The Huguenots were the Protestants of France during the 16th and 17th centuries. As such, they came into religious and political conflict with the Roman Catholics. Their fortunes waxed and waned until the reign of King Louis XIV. This monarch persecuted them mercilessly. On August 18, 1685, Louis revoked the Edict of Nantes a covenant that had guaranteed the Huguenots certain religious and political rights. Finding life intolerable under his persecution and denial of religious freedom, hundreds of thousands fled to other countries, including the English colonies of America. "Whatever may have been the temper which the Huguenots displayed when they were driven from France by persecution, they certainly carried with them something more valuable than rage. They carried with them virtue, piety, industry and valour, which proved the source of wealth, spirit, freedom, and character in all those countries Holland, Prussia, England, and America in which the noble exiles took refuge."

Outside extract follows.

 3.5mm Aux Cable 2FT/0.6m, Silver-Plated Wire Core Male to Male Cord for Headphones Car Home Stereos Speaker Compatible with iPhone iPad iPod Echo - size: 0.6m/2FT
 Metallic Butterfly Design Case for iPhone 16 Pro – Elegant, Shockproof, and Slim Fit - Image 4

Jane Mizell (b. 1826) used to tell her nieces and nephews stories that proved that the French ancestors of the Mizells were zealous Huguenots ( personal letter from A.C. Mizell to E.V. Smith). She said that her grandmother told how their ancestors had false bottoms in their chairs so they could hide their Bibles and song books when the premises were searched by inquisitors.

One descendant wrote that the French ancestors spelled their name Moselle, the same as the river in whose valley they lived. A.C. Mizell wrote, "I note they say that the Mizells spelled their name Mozelle when they came over but I don't think so. I know that Pa said our people came from Alsace-Lorraine on the Moselle River, and that our name way back yonder was Moselle, but long before we left France". His chance statement that "according to tradition our ancestors were woolen mill workers" suggests that they belonged to the militant Huguenot family who spelled their name Mazel. At any rate, Abraham Mazel was a wool carder by trade, a Huguenot preacher, and a leader of the opposition after the revocation.

"The tribe of Mazel abounded in the Cevennes and they had already given many martyrs to the cause. Some emigrated to America, some were sent to the galleys; Oliver Mazel, the preacher, was hanged in Montpelier in 1690, Jacques Mazel was a refugee in London in 1701, and in all the Cevennes, there were Mazels leading as well as following."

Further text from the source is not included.